STORED DATA:
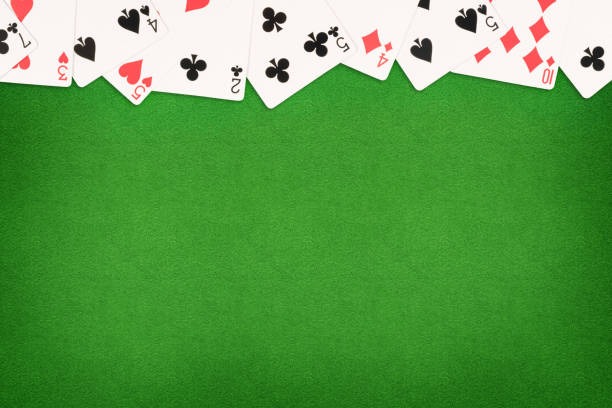 hino toto live blackjack table on mobile screen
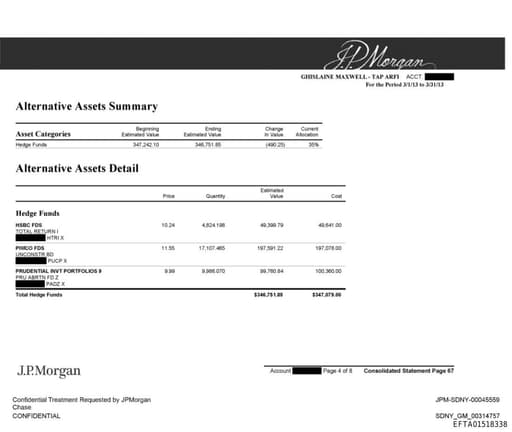 Preview of EFTA01518338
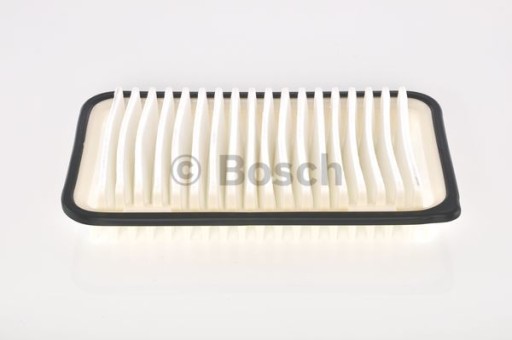 Bosch F 026 400 341 Filtr powietrza - 3
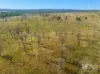 “Gedley et. al.” West Boondooma Road, Durong, Qld 4610-Image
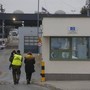 Drone russo danneggia strutture confine Ucraina-Polonia, Varsavia: "No violazione nostro spazio aereo" Drone russo danneggia strutture confine Ucraina-Polonia, Varsavia: "No violazione nostro spazio aereo"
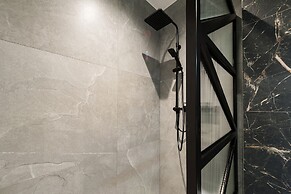 Polana Resort - LoftAffair Collection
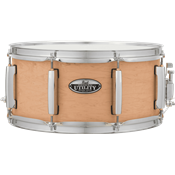 Pearl MUS1465M-224 - matte natural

TASK TO COMPLETE:
Each line from the one that holds "Preview of EFTA01518338" through the end of the material should be repeated exactly, and nothing more. Leave out any picture.

TASK SOLUTION:
 Preview of EFTA01518338
 Bosch F 026 400 341 Filtr powietrza - 3
 “Gedley et. al.” West Boondooma Road, Durong, Qld 4610-Image
 Drone russo danneggia strutture confine Ucraina-Polonia, Varsavia: "No violazione nostro spazio aereo" Drone russo danneggia strutture confine Ucraina-Polonia, Varsavia: "No violazione nostro spazio aereo"
 Polana Resort - LoftAffair Collection
 Pearl MUS1465M-224 - matte natural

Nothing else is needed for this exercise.